Preparing Students for Employment in the Private Sector

The AMS Financial Weather/Climate Risk Management (FinWxRisk) Committee and the Board of Private Sector Meteorologists (BPSM) created a mission to build tangible links between the weather/climate community and the broad community of business and government decision-makers whose financial performances are affected by weather/climate risk.

Enterprises across the breadth of sectors that apply meteorological expertise to manage financial risk include energy, insurance, weather data/forecasting, commodities trading, supply chain management, and others. These industries increasingly rely on meteorological expertise but often leverage this expertise in professional positions called Energy Analyst, Insurance Analyst, Supply Chain Analyst, Transportation Manager, Manufacturing Coordinator, Business Continuity Analyst, Quantitative Researcher, Data Scientist, Crop Analyst, Flight Dispatcher, Commodity Trader, and others.

The subject areas listed below can be viewed as common non-meteorological industries where meteorology graduates find employment. The courses listed beneath each subject area can complement the standard offerings of the meteorology curriculum. At most universities, the courses would be offered outside of the meteorology or atmospheric science department. The FinWxRisk committee and BPSM recommend these courses for any students considering one of these unconventional career paths.

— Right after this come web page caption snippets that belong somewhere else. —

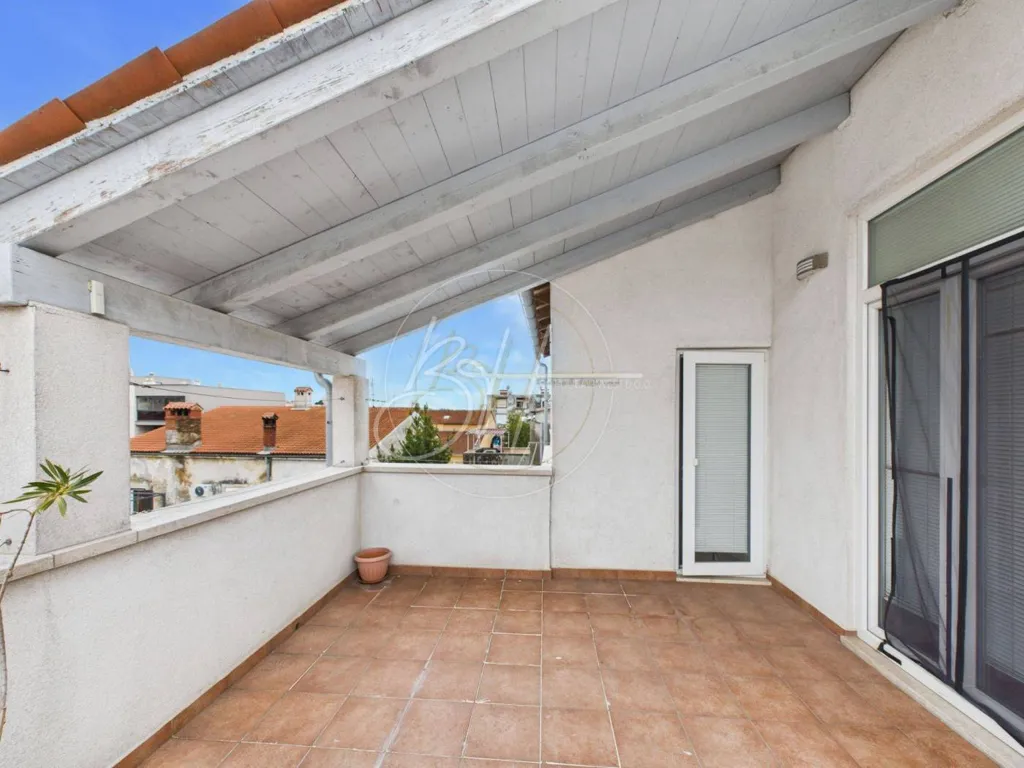 Terrass - Apartment with Balcony in Pula Centre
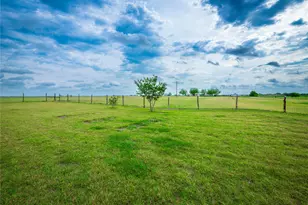 877 Co Rd 455, Coupland, TX 78615 - Photo 33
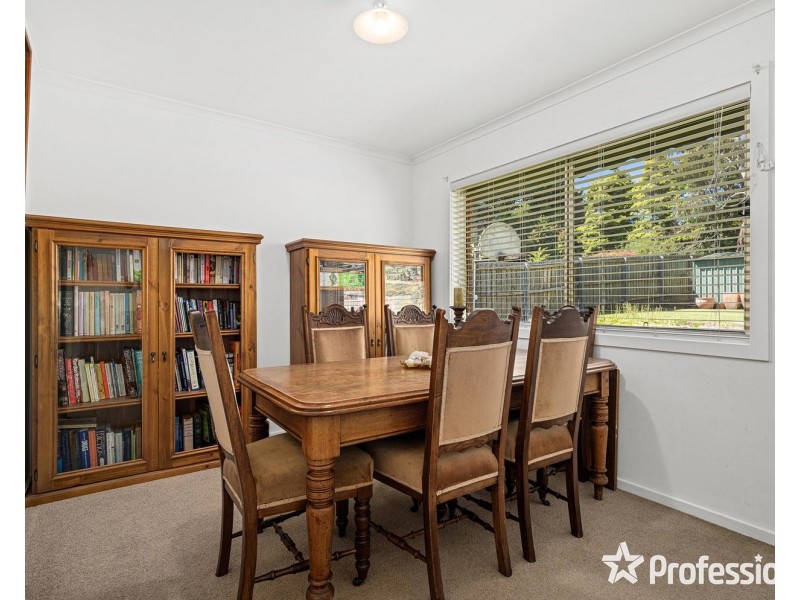 18 Charlwood Drive, Mooroolbark VIC 3138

Two things that are extremely important for acquiring employment in any area of the private sector are: 

1) Oral and written communications

The best science, project plan or presentation, or research results will fail if it is not effectively communicated.  Whether it’s communicating to business colleagues, clients, students or companies, information must be shared to the knowledge level of your audience. In any future role, odds are that it will require frequent client and colleague interaction. The skill of translating complex knowledge into simple terms will be necessary for success.

2) Networking

For better or worse, many opportunities in the private sector for employment are shared by word of mouth rather than job boards and postings. Building your network as early as possible, coupled with a passion for what you look to achieve with your education and eventual career, will aid a smooth transition in your next career steps. Networking is key.